Postcard: One-room Amish school near Arthur, Illinois

In August 2016, I had a unique post about the Water Garden at Rockome, a former tourist attraction in Arcola, Illinois. This undated mid-century postcard would count as a bit of a followup to that. It was produced by Genuine Natural Color Made by Dexter Press of West Nyack, New York. It was published by C.L. Bence of Mattoon, Illinois. And Bence was also the photographer.1

Here's the postcard caption:
Amish children attending 1 room school near Arthur, Illinois. The Amish people may be seen in most of the rural section near Arthur, Illinois. They are a religious sect who have retained most of the customs of their forefathers and make their living mainly by farming without aid of modern equipment.
Arthur is about 10 miles west of Arcola. Its Amish community was founded in the 1860s. Wikipedia adds: "The village of Arthur characterizes itself on its website as an Amish-friendly community, with more than 4,000 'Plain People' living in the town and surrounding rural townships. The Amish settlement near Arthur was founded in 1864 and had 30 church districts with about 150 people per district in 2013. Arthur community was the 8th largest Amish settlement in the world with 4,410, as of 2017."
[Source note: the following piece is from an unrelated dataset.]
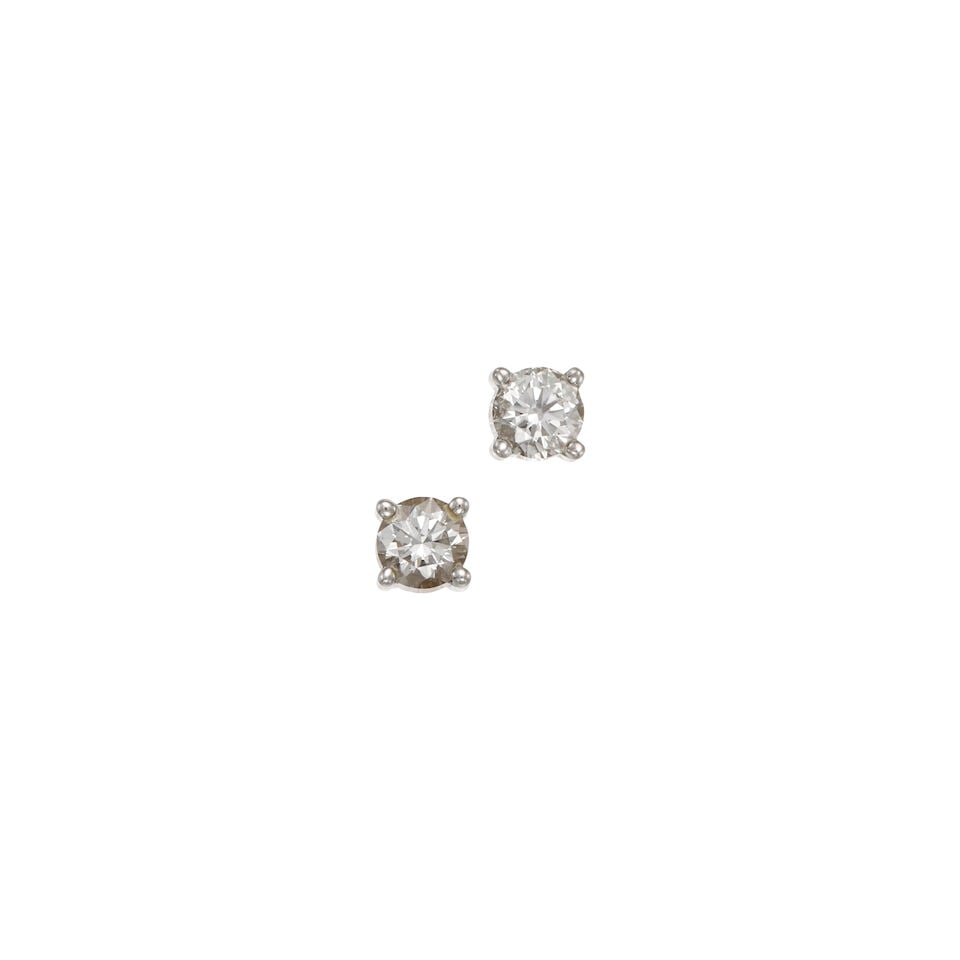 TIFFANY & CO.: PLATINUM DIAMOND STUD EARRINGS: TIFFANY & CO.: PLATINUM DIAMOND STUD EARRINGS • Two round brilliant cut diamonds weighing approximately 0.30 carat total • Stamped T & CO. on earrings and backings • Measures 5/8 in.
The website Amish Illinois says this about current education in the Arthur area:
"The Amish schools around the central Illinois area are usually one or two room rural schools and they are staffed with their own teachers. These teachers are usually Amish men or women who have completed eighth grade.
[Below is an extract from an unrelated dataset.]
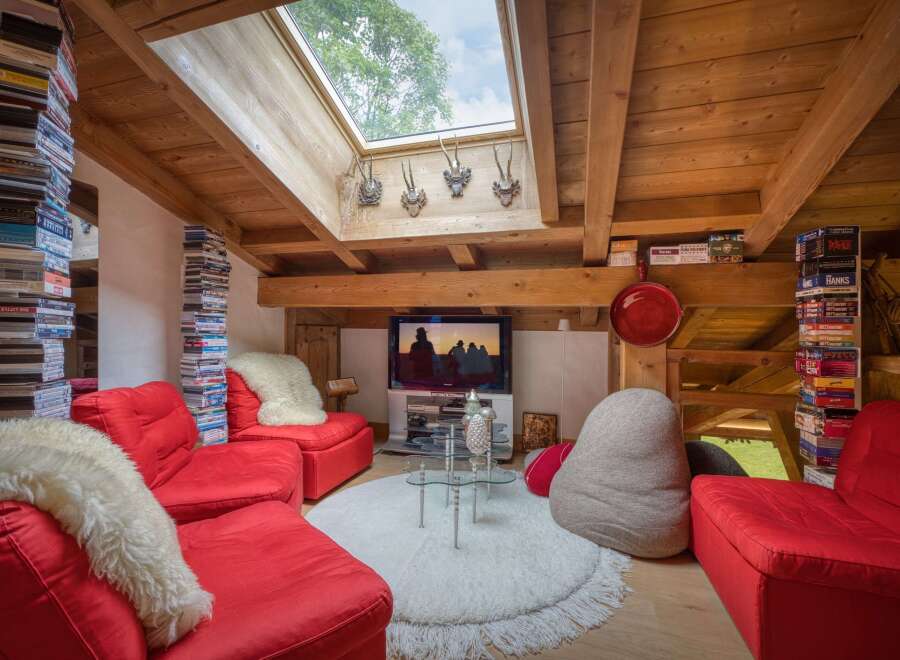 Experience cozy living in this charming attic apartment, featuring exposed wooden beams and a large skylight that floods the space with natural light.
"Amish children start school at the age of six and attend elementary school through their eighth grade. The Amish children walk, ride bicycles, or drive a horse and buggy to school. Each school is overseen by trustees to make up a board and records are kept for state inspection. The Amish schools are funded by the church districts. The school building have wood or gas stoves and no electricity. The Amish schools are built to use natural lighting.
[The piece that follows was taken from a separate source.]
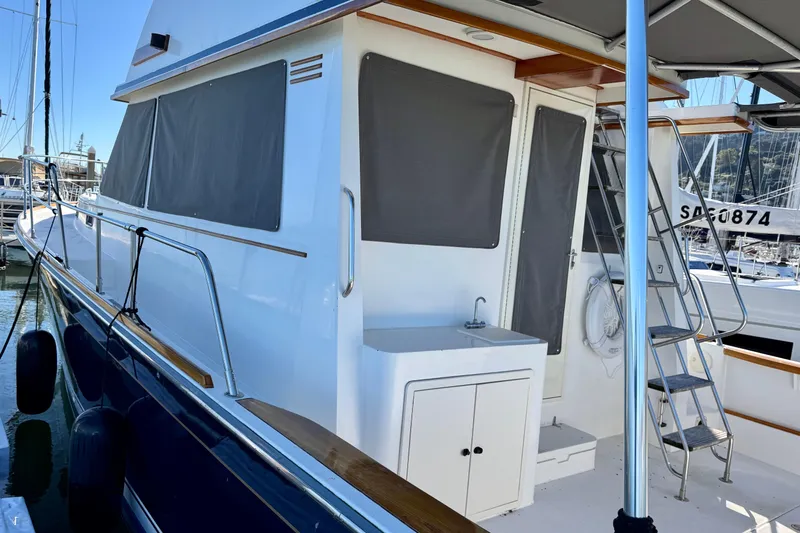 Slide: The Image of 2001 Sabre Sedan Bridge yacht with covered windows and outdoor sink in marina. - 4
"In school the Amish children learn English, reading, spelling, and penmanship. In arithmetic the Amish are taught addition, subtraction, multiplication, decimals, division, and weights and measurements to use in everyday life. All books that are used in the Amish schools are selected by the trustees.

"Amish schools stress community and accuracy rather than speed. Also, honesty, love, and cooperation are regarded highly by the Amish in education. The older Amish children help out the younger children in the shared classrooms. Amish families in the school district rotate preparing a hot lunch for the students."
So life at the Arthur-area schools probably isn't much different than it was when this photograph was taken a half-century or more ago.

1. Here's a small news item from the April 2, 1963, edition of the Journal Gazette of Mattoon, Illinois:
"C.L. Bence, 12 Noyes Court, has been awarded a wristwatch as a prize in the Dexter Bonanza Contest sponsored by Dexter Press, Inc., for color photographer-distributors. This was the first nationwide sales contest sponsored by Dexter Press, which prints postcards, color brochures and stationery."

1 comment:

  1. I'd like to know more about the Liberty Amish school that was located SE of Arthur, IL several years ago. My wife, Doris Painter, went to this school for two years sometime around 1938-1942. Does anyone have a listing of the students from this era?